From: Michal Piotrowski <michal.k.k.piotrowski@gmail.com>
To: Thomas Gleixner <tglx@linutronix.de>
Cc: Anant Nitya <kernel@prachanda.info>,
linux-kernel@vger.kernel.org, Ingo Molnar <mingo@elte.hu>
Subject: Re: [BUG] local_softirq_pending storm
Date: Tue, 22 May 2007 21:59:42 +0200 [thread overview]
Message-ID: <46534BAE.2010000@googlemail.com> (raw)

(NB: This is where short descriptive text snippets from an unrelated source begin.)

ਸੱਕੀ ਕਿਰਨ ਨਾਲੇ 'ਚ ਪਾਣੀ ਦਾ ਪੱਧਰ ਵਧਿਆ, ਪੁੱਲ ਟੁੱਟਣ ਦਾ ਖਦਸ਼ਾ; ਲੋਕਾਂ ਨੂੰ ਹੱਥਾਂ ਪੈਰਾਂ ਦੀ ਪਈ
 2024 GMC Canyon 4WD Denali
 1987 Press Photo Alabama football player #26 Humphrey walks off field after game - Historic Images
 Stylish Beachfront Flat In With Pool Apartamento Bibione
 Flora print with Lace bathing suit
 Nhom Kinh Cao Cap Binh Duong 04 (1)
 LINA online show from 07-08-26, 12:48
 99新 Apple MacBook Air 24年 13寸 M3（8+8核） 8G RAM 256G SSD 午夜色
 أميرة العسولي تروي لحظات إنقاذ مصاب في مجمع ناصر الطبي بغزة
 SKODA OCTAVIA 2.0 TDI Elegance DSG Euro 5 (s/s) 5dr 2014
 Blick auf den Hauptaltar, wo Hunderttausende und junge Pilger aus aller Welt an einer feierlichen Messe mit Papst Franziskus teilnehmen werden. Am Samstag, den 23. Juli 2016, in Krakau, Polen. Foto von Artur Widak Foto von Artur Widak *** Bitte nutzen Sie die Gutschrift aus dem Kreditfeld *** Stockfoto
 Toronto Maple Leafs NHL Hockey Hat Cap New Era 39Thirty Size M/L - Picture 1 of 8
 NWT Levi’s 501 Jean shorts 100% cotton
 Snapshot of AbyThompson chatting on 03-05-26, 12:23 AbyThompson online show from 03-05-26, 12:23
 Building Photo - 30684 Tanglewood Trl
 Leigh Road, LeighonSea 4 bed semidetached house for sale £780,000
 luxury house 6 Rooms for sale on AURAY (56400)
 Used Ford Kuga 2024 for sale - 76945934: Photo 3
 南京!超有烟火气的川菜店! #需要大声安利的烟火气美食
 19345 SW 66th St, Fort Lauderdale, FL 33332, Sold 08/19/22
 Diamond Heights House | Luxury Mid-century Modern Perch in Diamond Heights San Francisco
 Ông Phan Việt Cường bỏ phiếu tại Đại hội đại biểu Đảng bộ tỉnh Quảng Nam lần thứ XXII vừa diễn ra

In-Reply-To: <6bffcb0e0705221203s1ba21ed3j641e91036859db7d@mail.gmail.com>
Michal Piotrowski napisał(a):
> Hi Thomas,
>
> On 20/05/07, Thomas Gleixner <tglx@linutronix.de> wrote:
>> On Sun, 2007-05-20 at 02:53 +0530, Anant Nitya wrote:
>> > > 1 == TASK_INTERRUPTIBLE, so we know that ksoftirqd was not woken
>> up. At
>> > > least it is not a scheduler problem.
>> > >
>> > > I work out a more complex debug patch and pester you to test once I'm
>> > > done.
>> > No problem :)
>>
>> You asked for it :)
>>
>> Please patch 2.6.22-rc2 with
>>
>> http://tglx.de/projects/hrtimers/2.6.22-rc2/patch-2.6.22-rc2-hrt2.patch
>> and
>> http://www.tglx.de/private/tglx/ht-debug/tracer.diff
>>
>> Compile it with the config
>>
>> http://www.tglx.de/private/tglx/ht-debug/config.debug
>>
>> You should find something like:
>>
>> ( swapper-0 |#0): new 67173 us user-latency.
>>
>> along with the familiar "NOHZ ......" message in your log file.
>>
>> Once that happened please do:
>>
>> $ cat /proc/latency_trace >trace.txt
>>
>> compress it and send it to me along with the full dmesg output or put
>> both up to some place, where I can download it.
>>
>> Michal,
>>
>> IIRC you encountered the same P4/HT related wreckage. Can you do the
>> same ?
>
> Good news - I can't reproduce this bug. It's time to remove
> "Subject : 2.6.21-git4 BUG: soft lockup detected on CPU#1!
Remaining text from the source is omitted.